Notre civilisation perd le sens de cette gratuité. Un cadeau n’est pas toujours un don : les enfants dressent une liste de ce qu’ils veulent, comme un dû, pour leur anniversaire, pour Noël. Et c’est la surenchère entre parents séparés pour être le meilleur, la jalousie envenime la relation, et bientôt les enfants deviennent blasés de ce qu’ils ont mais manquent d’affection, de présence, d’écoute et de partage. Misant sur l’avoir plus que sur l’être, nous nous fourvoyons et la vie perd son sens.

Apparue tardivement dans l’Église (xiiie siècle), la solennité de ce dimanche rappelle que la logique de Dieu est tout autre : nous célébrons le don de Dieu entré en Alliance avec l’humanité, la gratuité de son amour, le don de son propre Fils devenu pour nous offrande parfaite. En amour il n’y a ni calcul ni limites. Son sang « fait bien davantage » (He 9,14) que les sacrifices anciens : par son Corps livré, par son Sang versé, Jésus est la victime parfaite qui porte le péché du monde et nous obtient le pardon. Cependant l’Eucharistie est offrande réciproque : nous nous offrons à l’amour du Seigneur pour qu’il transforme notre existence. Dès lors son Pain nous est confié mais pour le partager, en mémoire de son amour.

Voilà ce repas auquel nous sommes tous invités. C’est vraiment LE moment le plus important de la semaine. Le Christ ressuscité est là ; il nous rejoint. A chaque messe, nous célébrons celui qui nous a aimés comme on n’a jamais aimé.
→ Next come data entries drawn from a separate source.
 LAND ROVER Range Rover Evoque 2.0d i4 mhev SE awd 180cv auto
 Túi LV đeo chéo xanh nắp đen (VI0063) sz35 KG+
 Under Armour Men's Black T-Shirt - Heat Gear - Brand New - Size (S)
C’est la moindre des choses que nous répondions à cette invitation. C’est vrai que dans certains endroits, cela devient difficile. En raison du manque de prêtres, nous assistons à une baisse drastique du nombre de messes. Mais quand il n’y a plus de boulanger dans un village, on sait s’organiser pour ne pas rester sans pain. Aujourd’hui, le Christ se présente à nous comme « le pain vivant qui est descendu du ciel. Si quelqu’un mange de ce pain, il vivra éternellement » (Jn 6,51). 

En cette fête du Corps et du Sang du Christ, renouvelons notre action de grâce pour la merveille que nous célébrons. Ce dimanche met en évidence le rapport particulier que les chrétiens entretiennent avec l’eucharistie. Et nous faisons nôtre cette prière du prêtre avant la communion : « Que ton Corps et ton sang me délivrent de mes péchés et de tout mal ; fais que jamais je ne sois séparé de toi ».